- [Requirement] Give back all of the data exactly as it stands, with the pictures removed.

- [Given data]
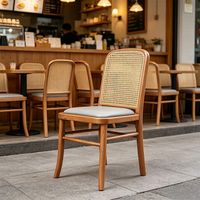 Chaise de salle à manger moderne en bois massif et rotin, dossier haut, siège en cuir souple, entièrement assemblée, chaises en bois pour restaurant, hôtel, café, noir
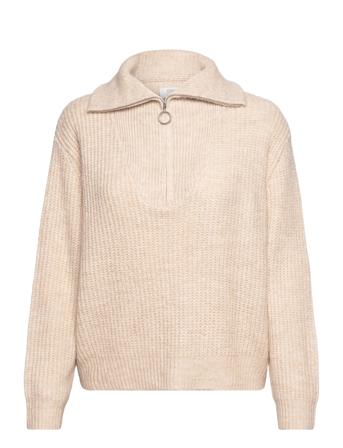 Onlbaker L/S Zip Pullover Knt Noos Pullover Beige ONLY*Betinget Tilbud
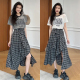 不规则开叉格子中长裙裤 2026新款 韩版 半身裙女新款 子 今年流行爆款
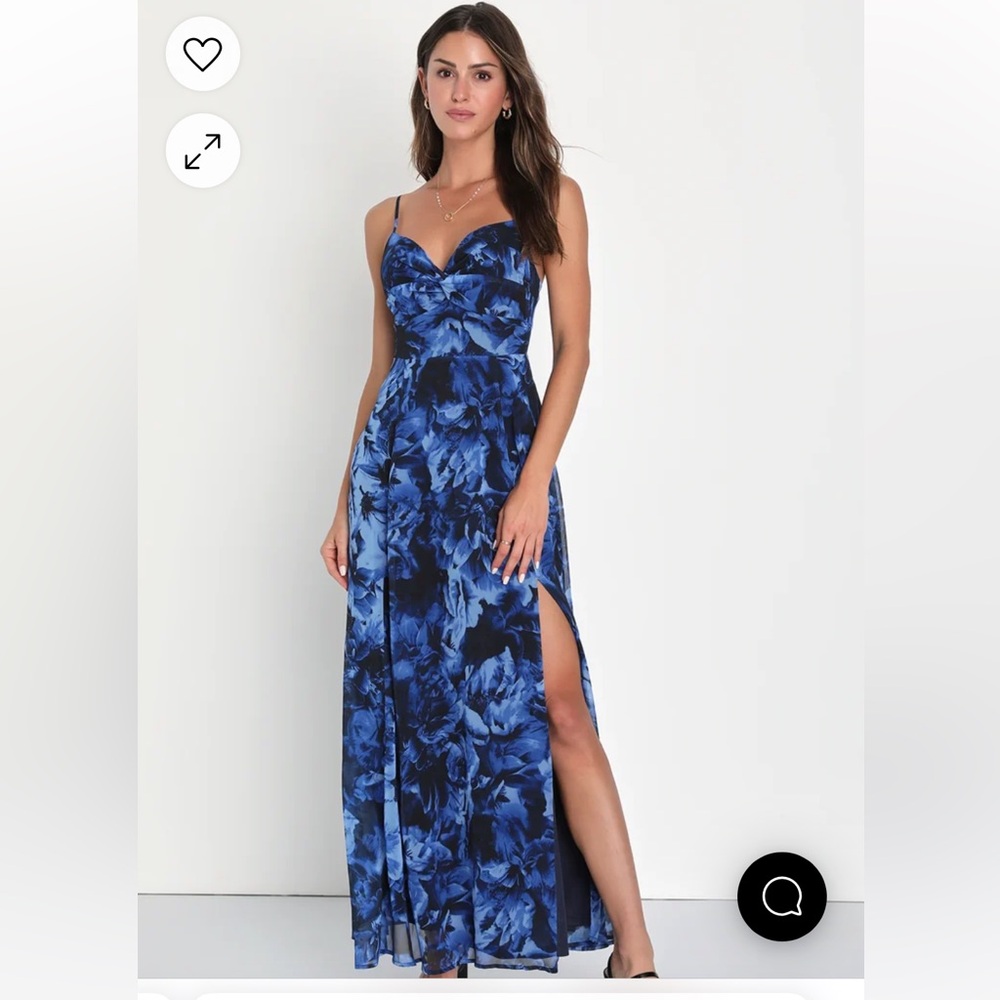 Lulu’s Beautiful Soul Blue Floral Print Twist-Front Maxi Dress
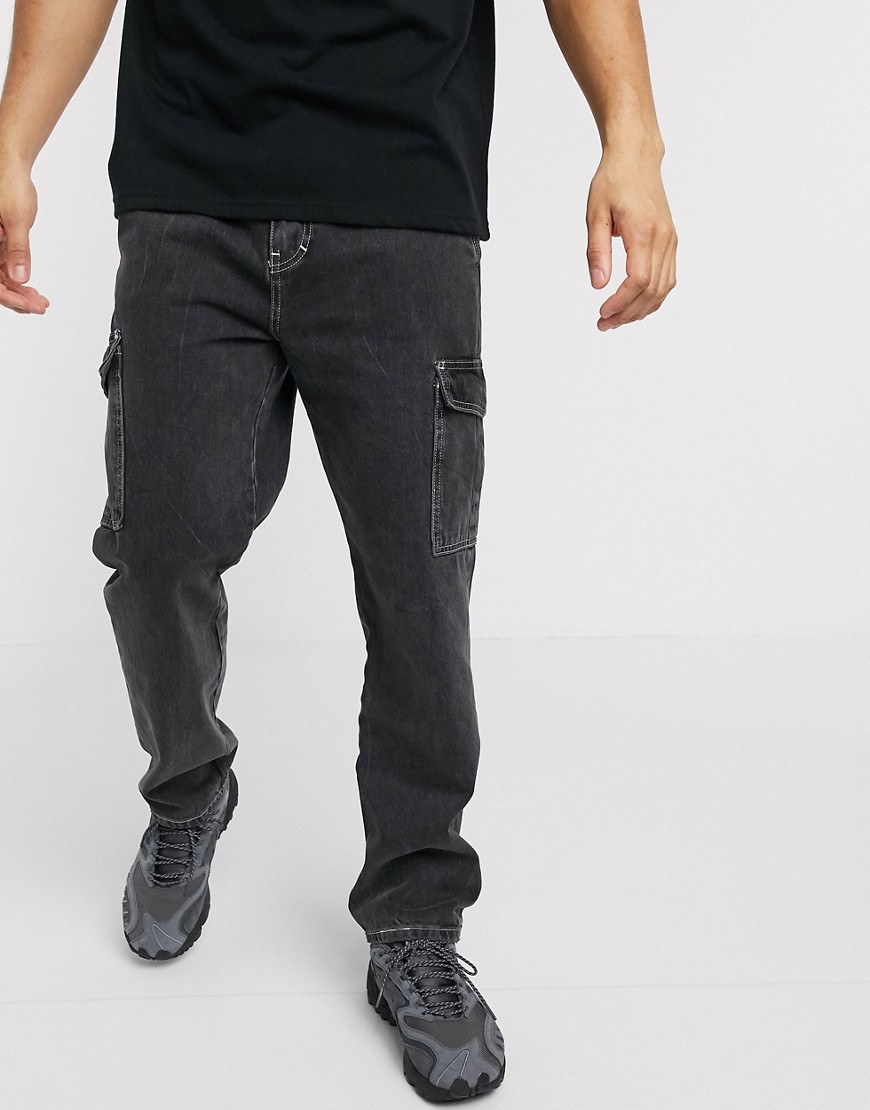 Mennace - Cargo jeans in acid wash in zwart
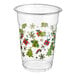 A white Choice plastic cup with holiday decorations on it.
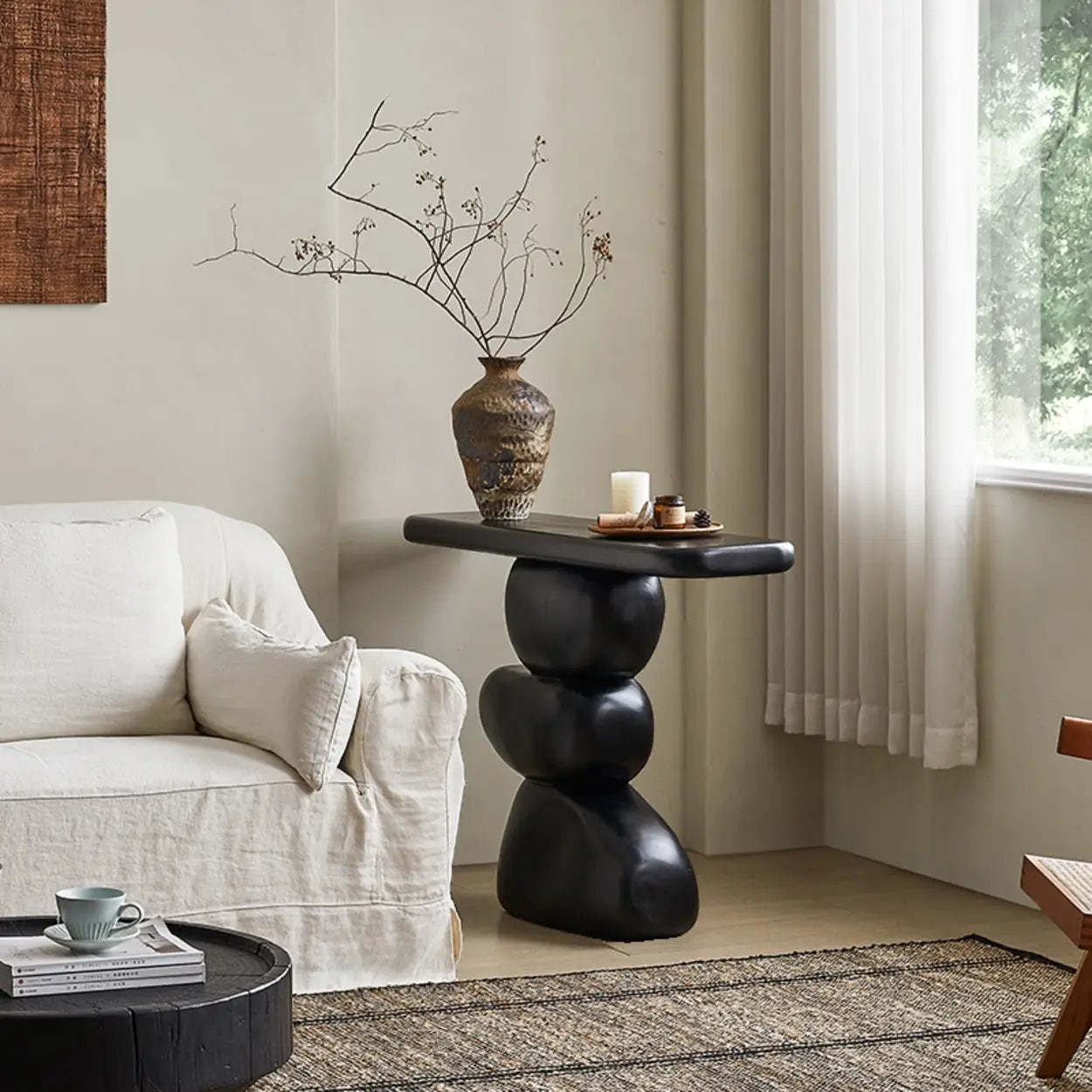 Modern Black Sculptural Wood Console Table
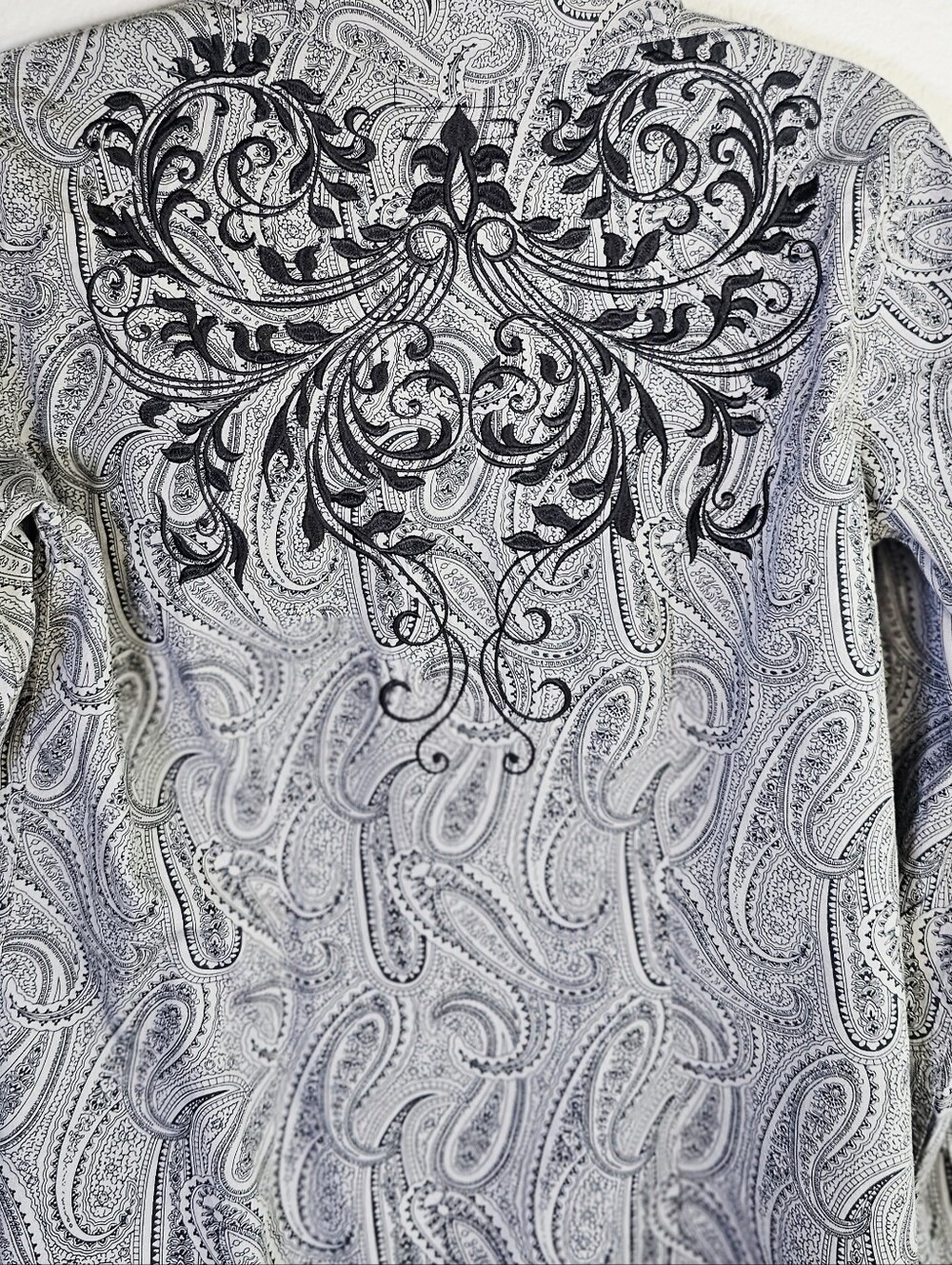 Panhandle Slim Women's Medium Black Gray Paisley Embroidered Pearl Snap Western - Picture 6 of 9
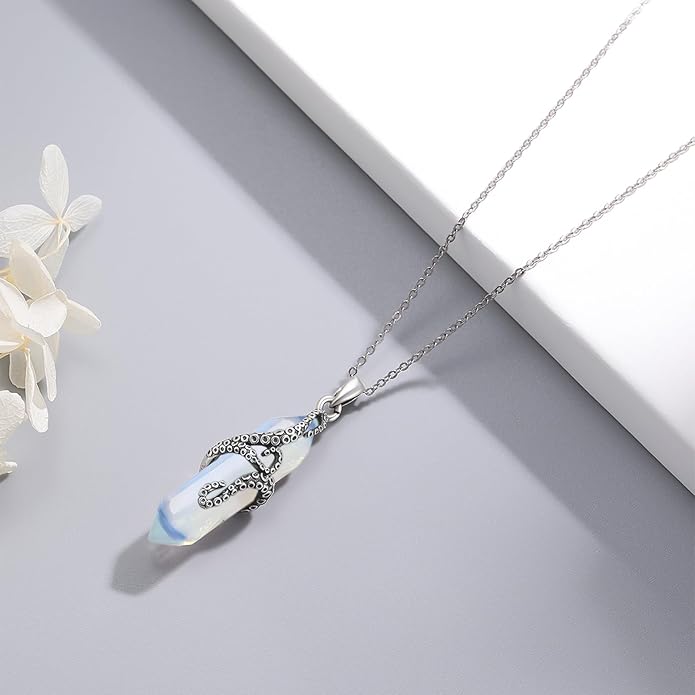OHAYOO Octopus Tentacles Necklace 925 Sterling Silver Octopus Pendent Necklace Wrapped Obsidian Octopus Jewelry Gifts for Women
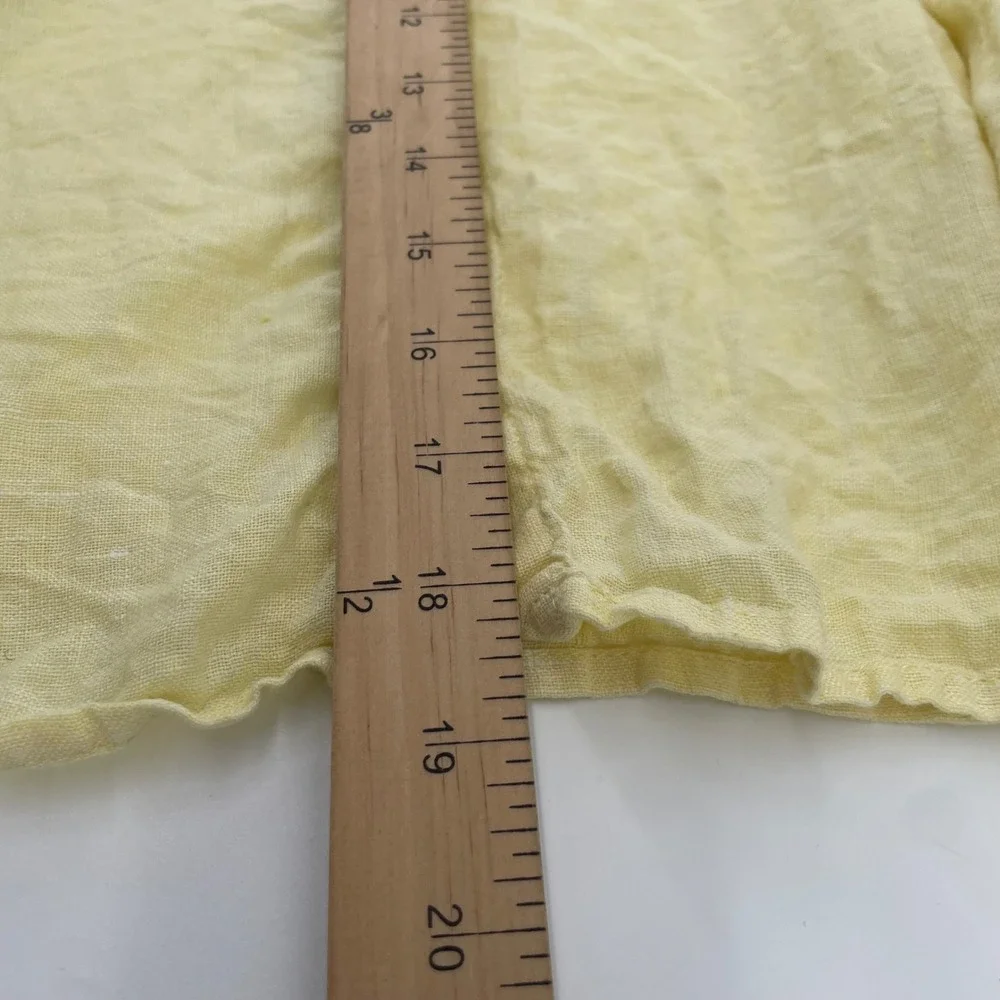 Cynthia‎ Rowley Linen Shirt Womens L Yellow Long Sleeve Cropped Button Down Top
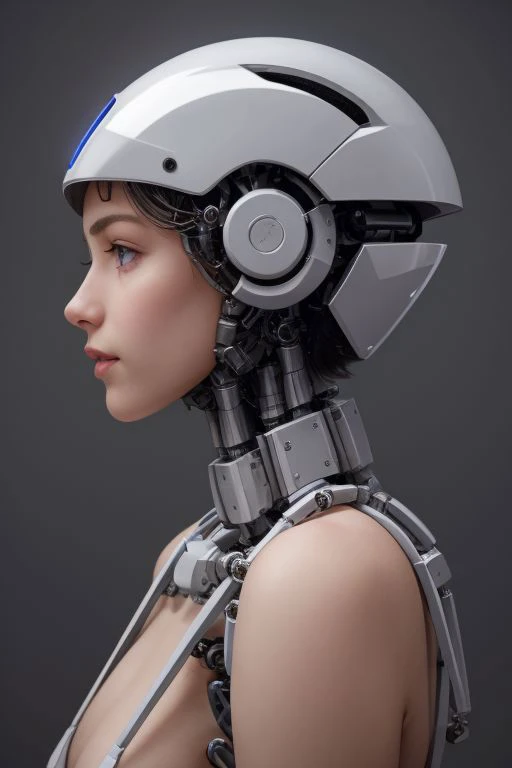 Description: A beautiful girl with a sweet and enticing appearance,
skin color thighs, skin color real skin, Beautiful and charming profile, Exposed brain circuits, resembling a real human. Her face and neck exhibit a natural skin texture, but her head and neck reveal the presence of mechanical components. Below her chest, she is entirely robotic, showcasing intricate mechanical structures. However, the rest of her body mimics the texture of human skin, with a natural touch.Quarter Tech Helmet.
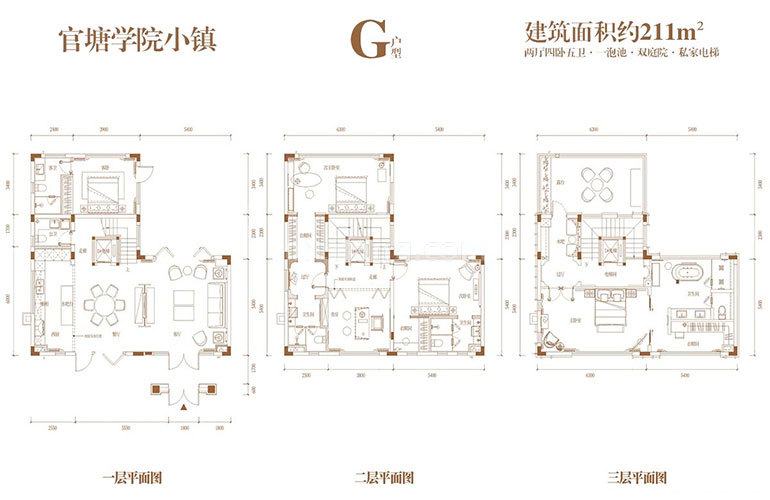 官塘学院小镇叠墅 G户型 4房2厅5卫 建面211㎡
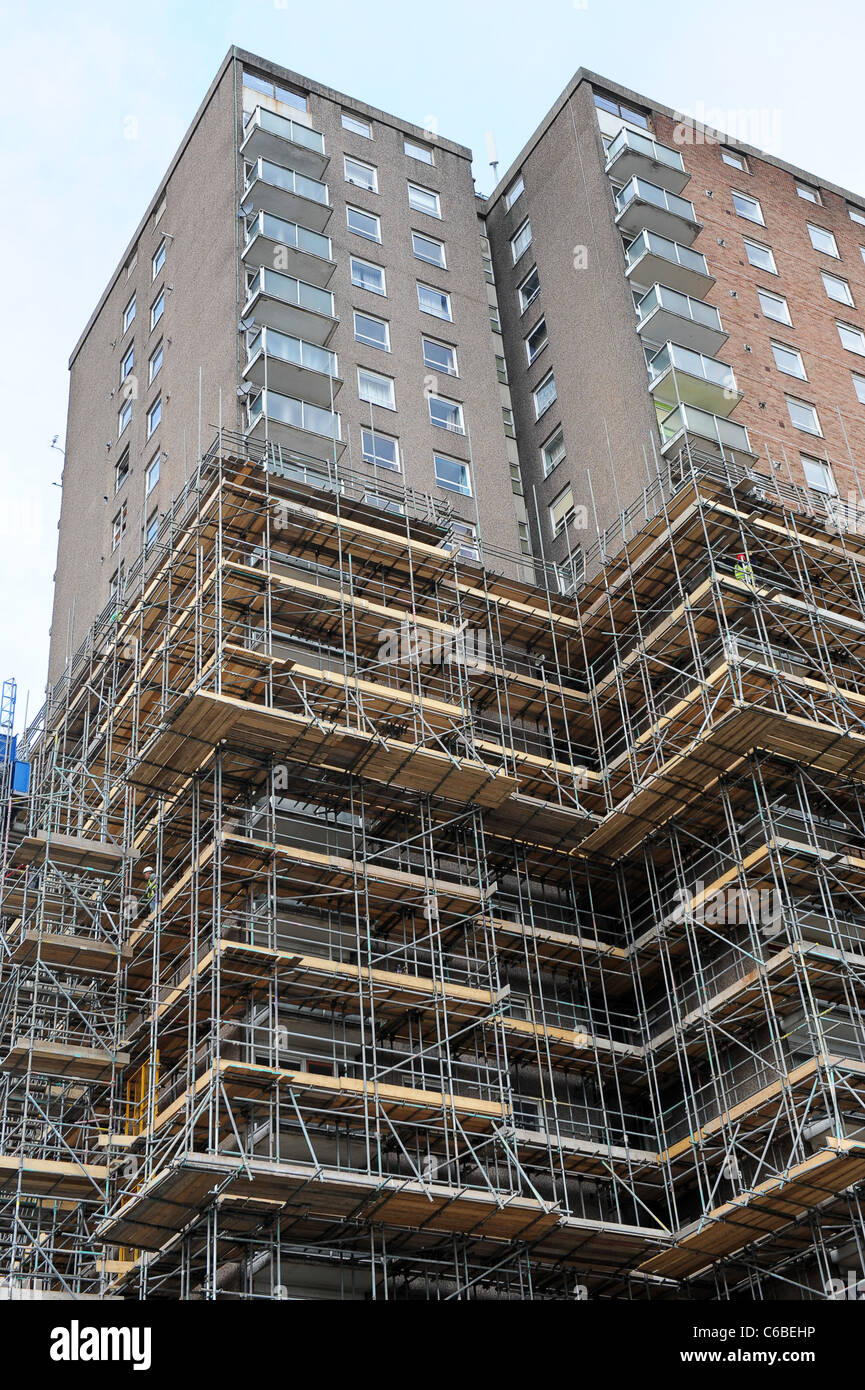 Scaffolding on high rise flats in Wednesfield West Midlands England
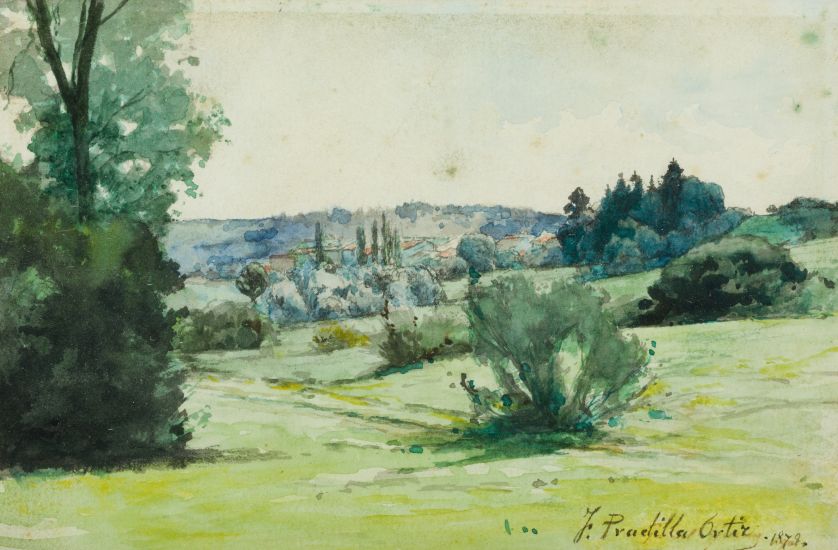 FRANCISCO-PRADILLA-Y-ORTIZ-Villanueva-de-Gallego-1848-Madrid-1921-Paisaje-arbolado-1879-11-x-16-cm-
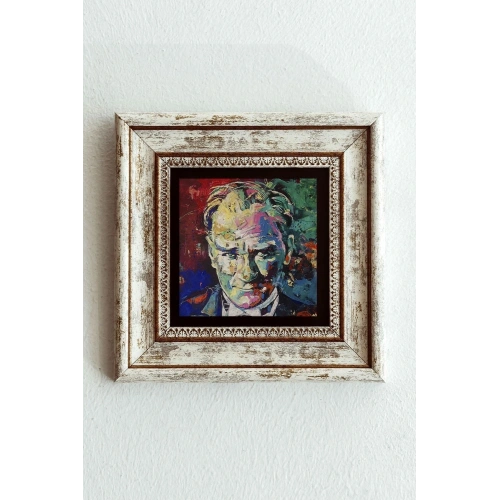Atatürk Çerçeveli Taş Tablo , Çerçeveli Taş Duvar Dekoruenkcrcvtbl-00206 20 cm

- [Written solution]
 Chaise de salle à manger moderne en bois massif et rotin, dossier haut, siège en cuir souple, entièrement assemblée, chaises en bois pour restaurant, hôtel, café, noir
 Onlbaker L/S Zip Pullover Knt Noos Pullover Beige ONLY*Betinget Tilbud
 不规则开叉格子中长裙裤 2026新款 韩版 半身裙女新款 子 今年流行爆款
 Lulu’s Beautiful Soul Blue Floral Print Twist-Front Maxi Dress
 Mennace - Cargo jeans in acid wash in zwart
 A white Choice plastic cup with holiday decorations on it.
 Modern Black Sculptural Wood Console Table
 Panhandle Slim Women's Medium Black Gray Paisley Embroidered Pearl Snap Western - Picture 6 of 9
OHAYOO Octopus Tentacles Necklace 925 Sterling Silver Octopus Pendent Necklace Wrapped Obsidian Octopus Jewelry Gifts for Women
 Cynthia‎ Rowley Linen Shirt Womens L Yellow Long Sleeve Cropped Button Down Top
 Description: A beautiful girl with a sweet and enticing appearance,
skin color thighs, skin color real skin, Beautiful and charming profile, Exposed brain circuits, resembling a real human. Her face and neck exhibit a natural skin texture, but her head and neck reveal the presence of mechanical components. Below her chest, she is entirely robotic, showcasing intricate mechanical structures. However, the rest of her body mimics the texture of human skin, with a natural touch.Quarter Tech Helmet.
 官塘学院小镇叠墅 G户型 4房2厅5卫 建面211㎡
 Scaffolding on high rise flats in Wednesfield West Midlands England
 FRANCISCO-PRADILLA-Y-ORTIZ-Villanueva-de-Gallego-1848-Madrid-1921-Paisaje-arbolado-1879-11-x-16-cm-
Atatürk Çerçeveli Taş Tablo , Çerçeveli Taş Duvar Dekoruenkcrcvtbl-00206 20 cm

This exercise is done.